YOUR GOAL> Could you write out, exactly and with no pictures, every line from the one containing "Used 2018 Chevrolet" through the last line of the entries?

Short text fragments from websites>
____

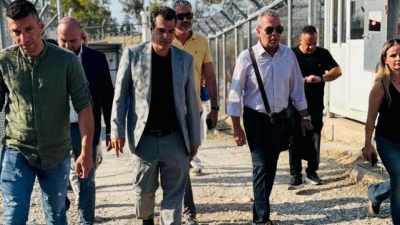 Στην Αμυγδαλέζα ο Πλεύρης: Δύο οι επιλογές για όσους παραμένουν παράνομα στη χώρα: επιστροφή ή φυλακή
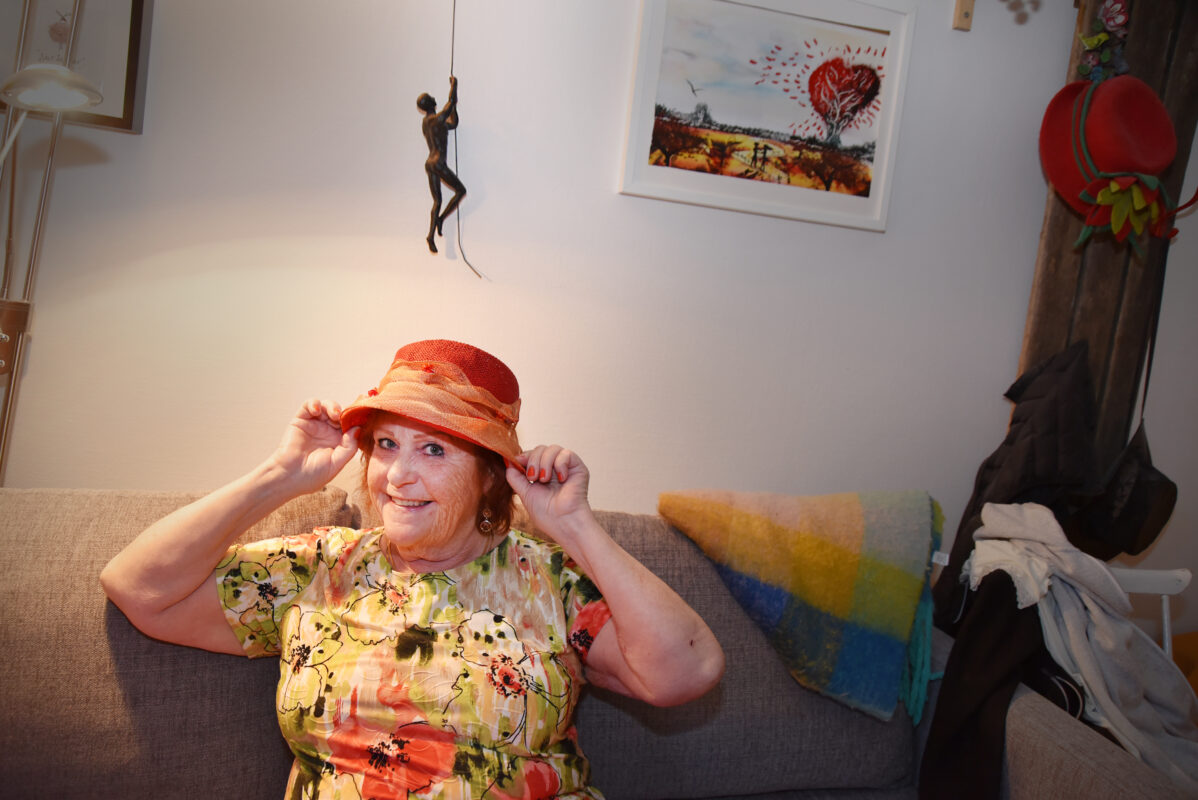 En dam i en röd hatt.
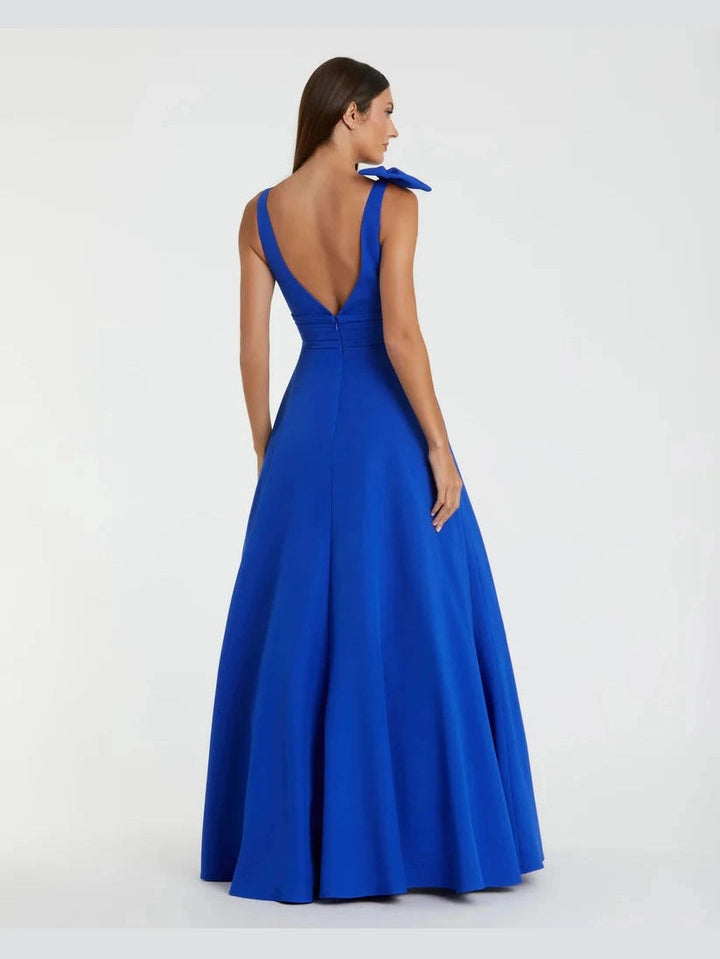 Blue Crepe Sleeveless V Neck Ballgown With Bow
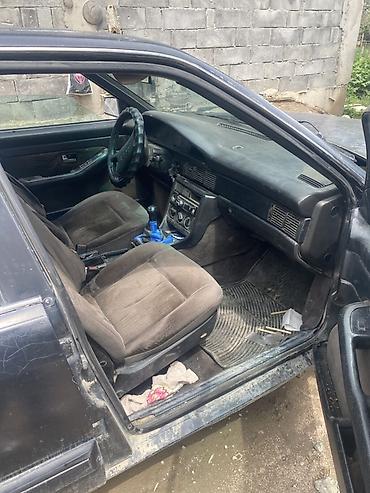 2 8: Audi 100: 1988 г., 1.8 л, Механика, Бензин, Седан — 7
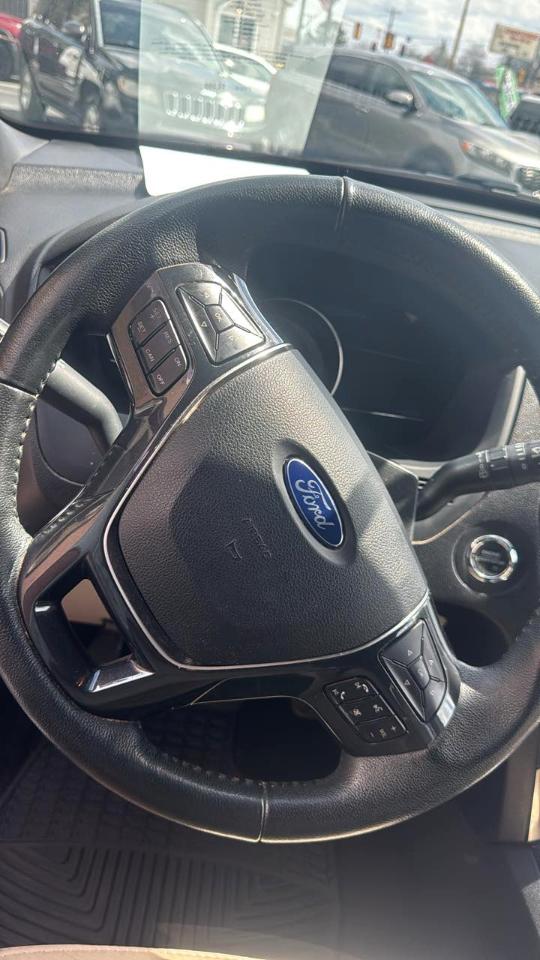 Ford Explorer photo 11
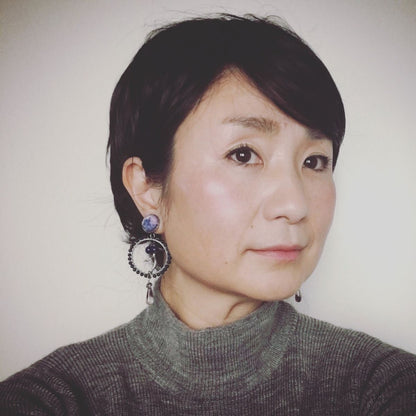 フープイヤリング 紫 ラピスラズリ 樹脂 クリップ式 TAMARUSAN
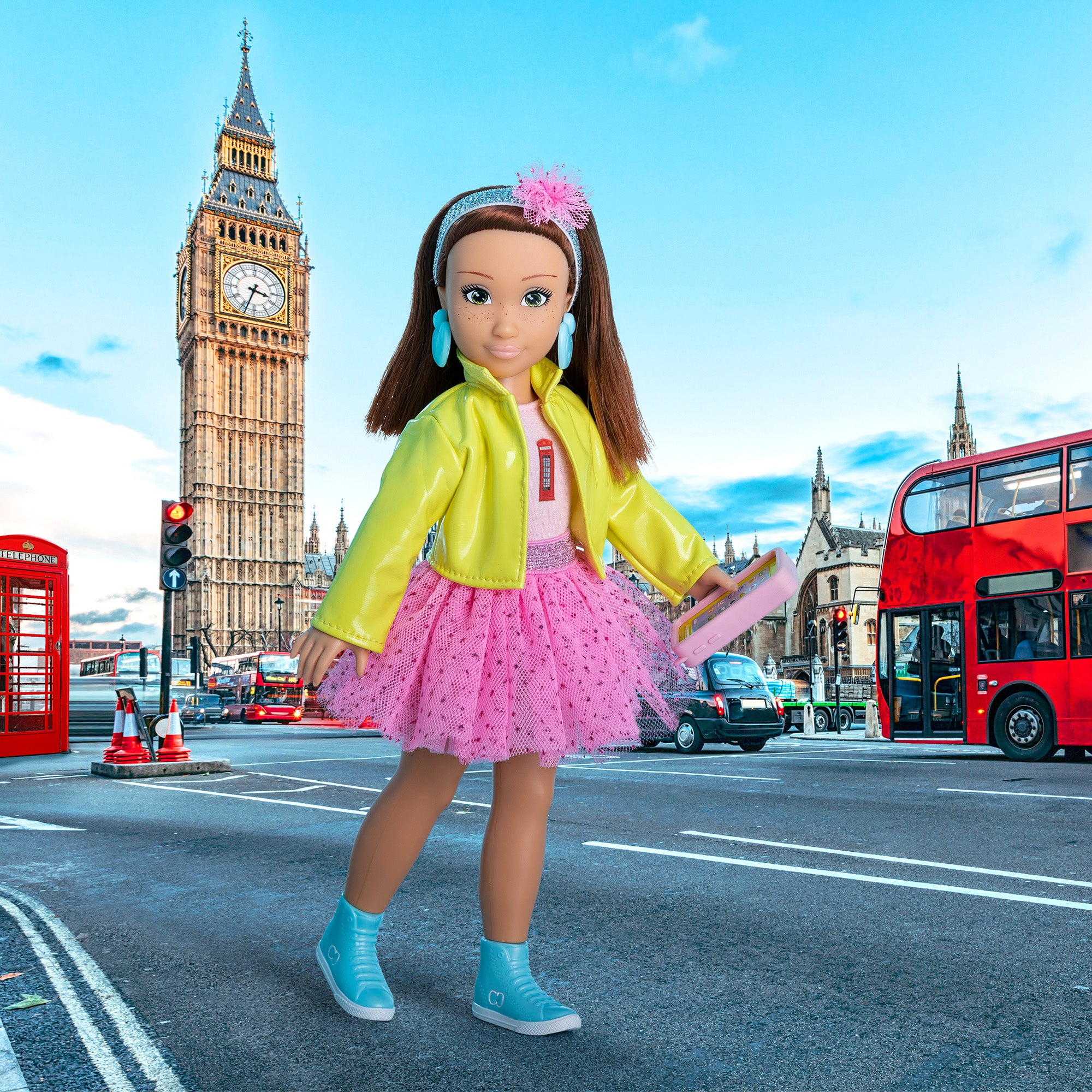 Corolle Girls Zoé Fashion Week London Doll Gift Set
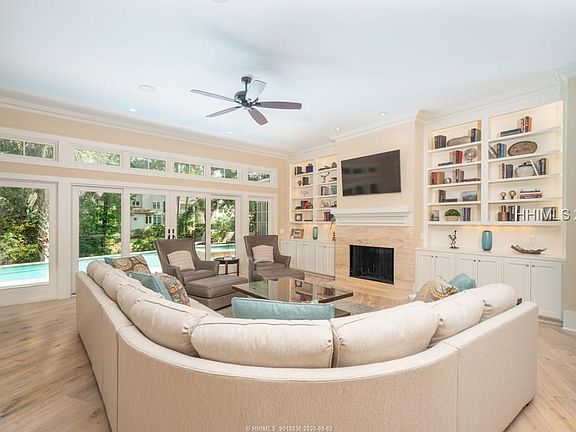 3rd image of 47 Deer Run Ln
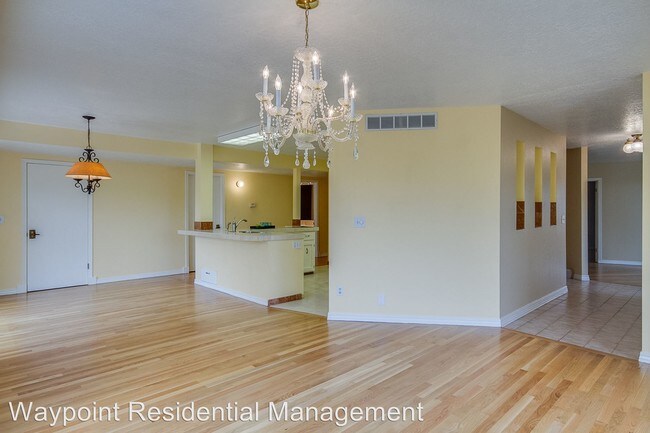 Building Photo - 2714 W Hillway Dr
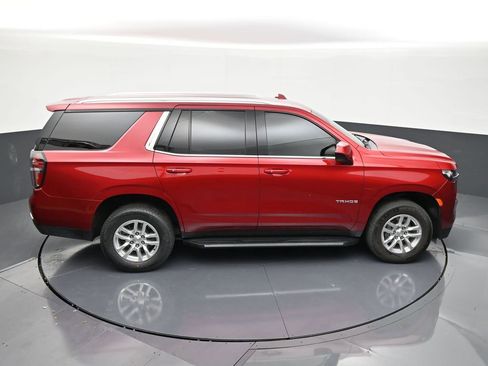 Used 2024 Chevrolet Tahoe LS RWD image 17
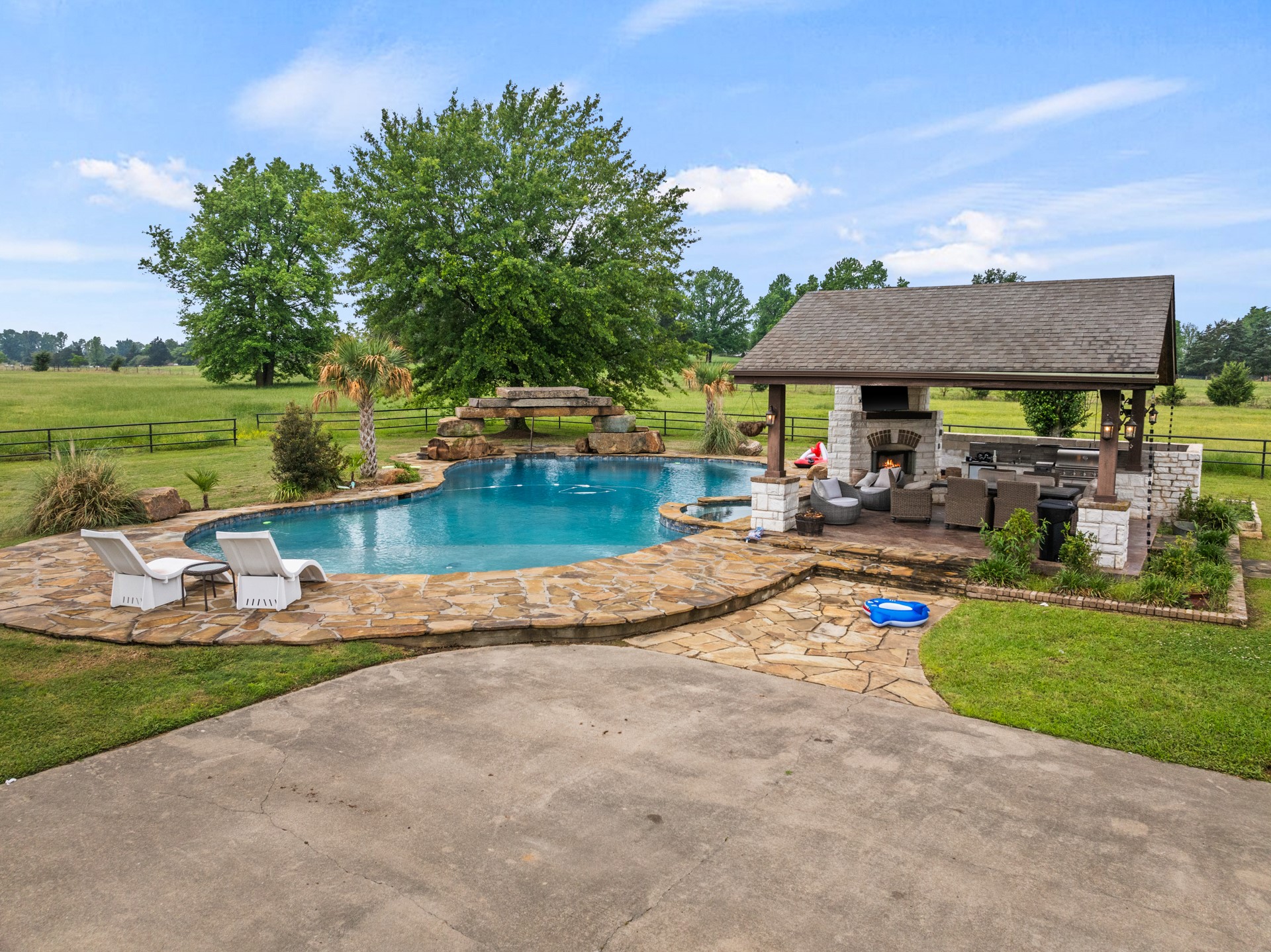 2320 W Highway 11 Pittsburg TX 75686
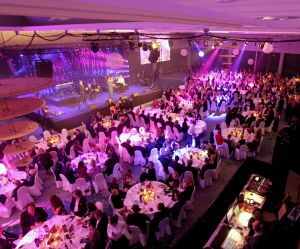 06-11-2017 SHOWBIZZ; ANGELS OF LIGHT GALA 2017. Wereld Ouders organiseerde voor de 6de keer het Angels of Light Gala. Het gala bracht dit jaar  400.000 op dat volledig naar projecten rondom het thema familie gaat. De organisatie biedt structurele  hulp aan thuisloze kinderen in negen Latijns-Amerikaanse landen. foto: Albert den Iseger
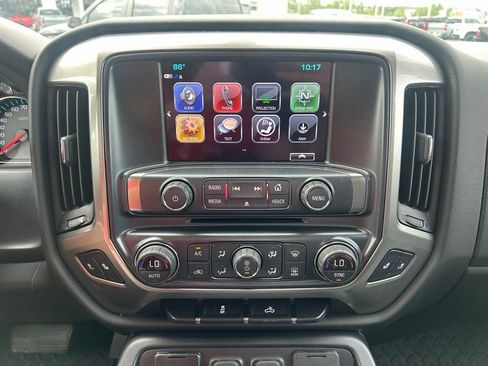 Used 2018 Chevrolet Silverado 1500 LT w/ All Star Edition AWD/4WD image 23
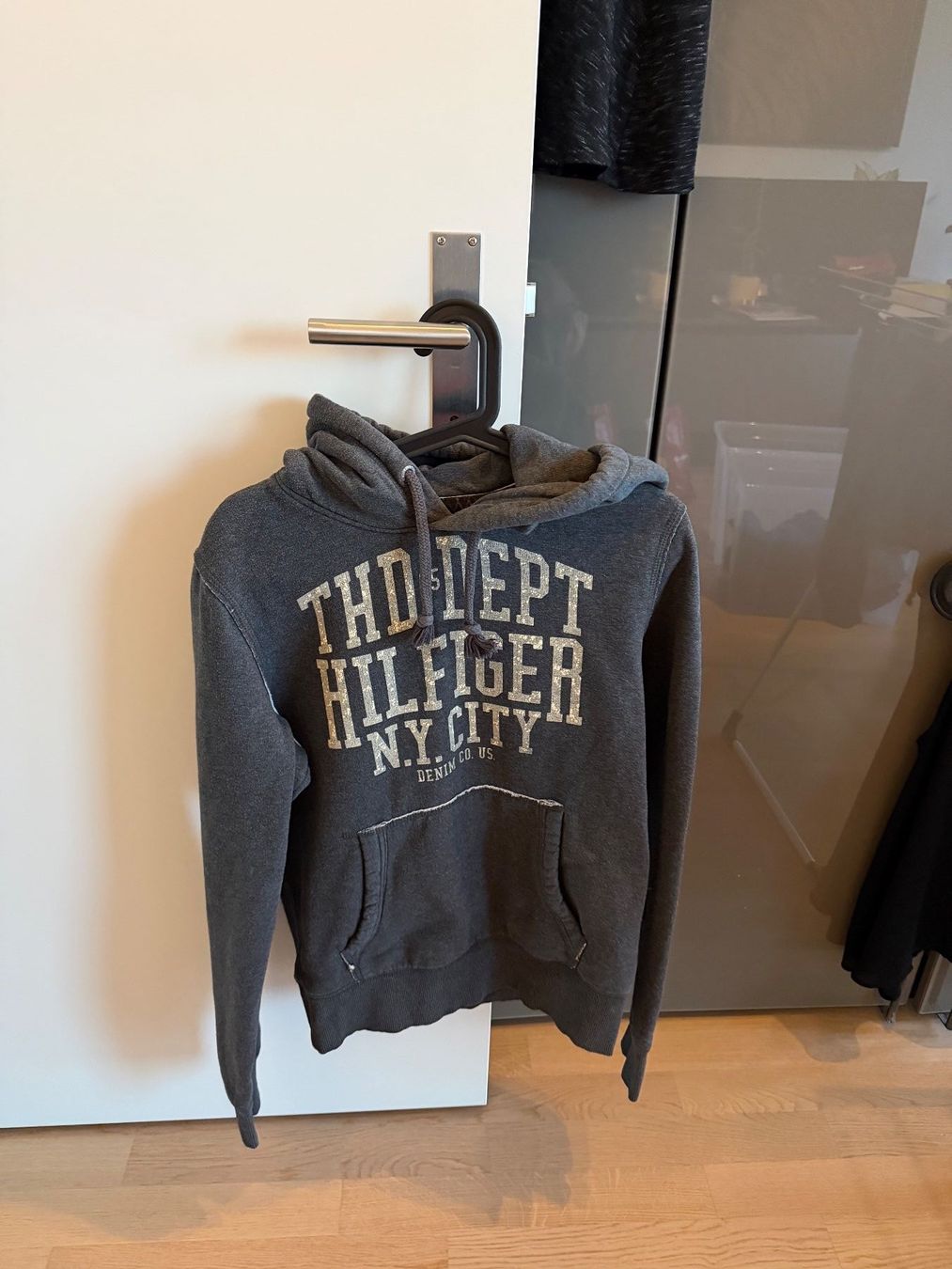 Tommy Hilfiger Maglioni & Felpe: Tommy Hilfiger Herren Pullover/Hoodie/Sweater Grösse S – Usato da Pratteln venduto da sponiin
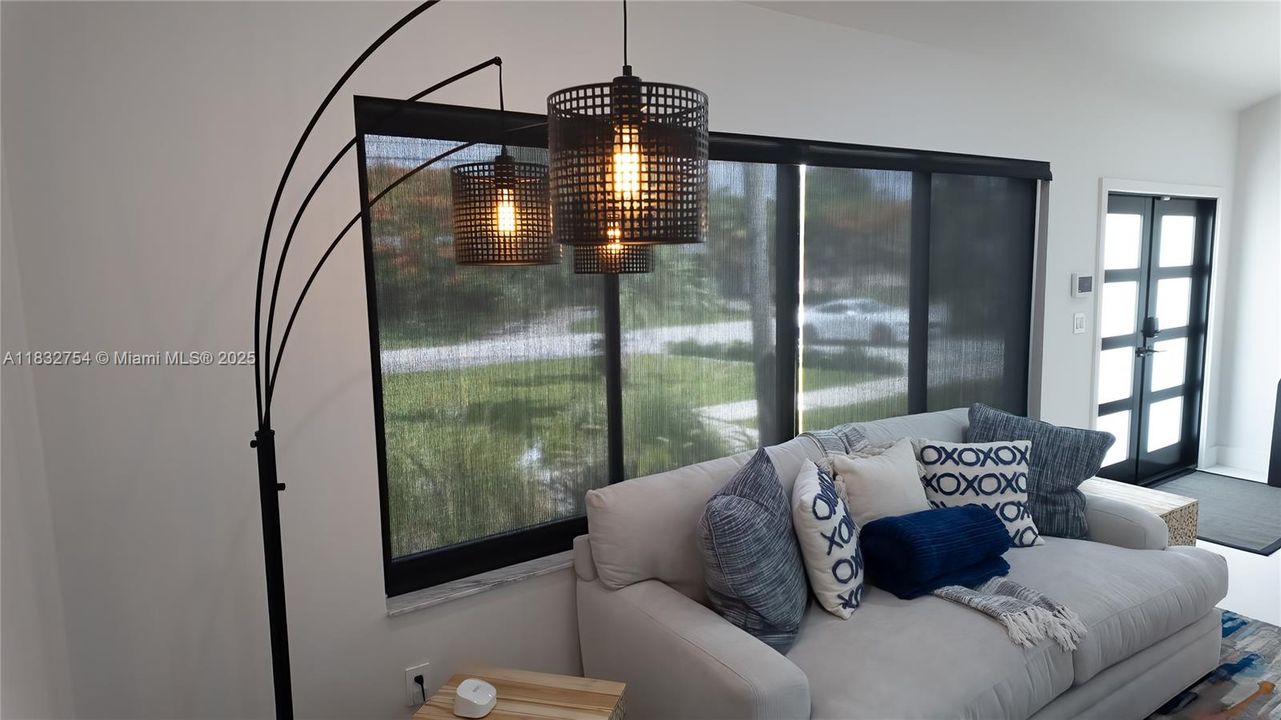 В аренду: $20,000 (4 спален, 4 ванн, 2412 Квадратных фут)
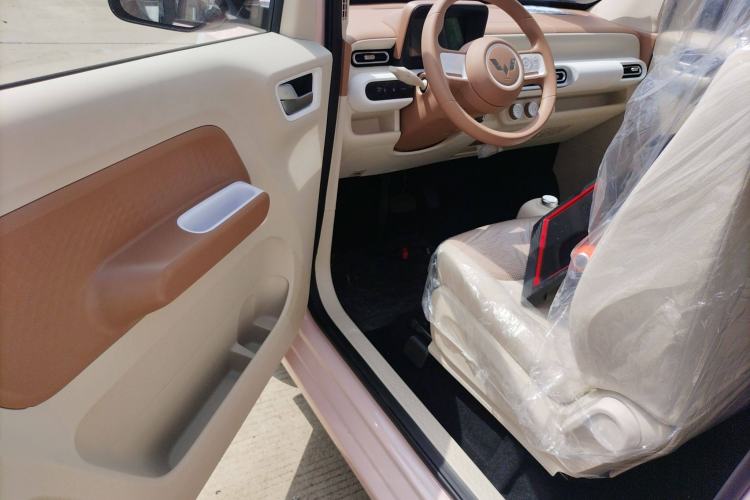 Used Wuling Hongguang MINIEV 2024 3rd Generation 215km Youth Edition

____

RESULT OF THIS EXERCISE>
 Used 2018 Chevrolet Silverado 1500 LT w/ All Star Edition AWD/4WD image 23
 Tommy Hilfiger Maglioni & Felpe: Tommy Hilfiger Herren Pullover/Hoodie/Sweater Grösse S – Usato da Pratteln venduto da sponiin
 В аренду: $20,000 (4 спален, 4 ванн, 2412 Квадратных фут)
 Used Wuling Hongguang MINIEV 2024 3rd Generation 215km Youth Edition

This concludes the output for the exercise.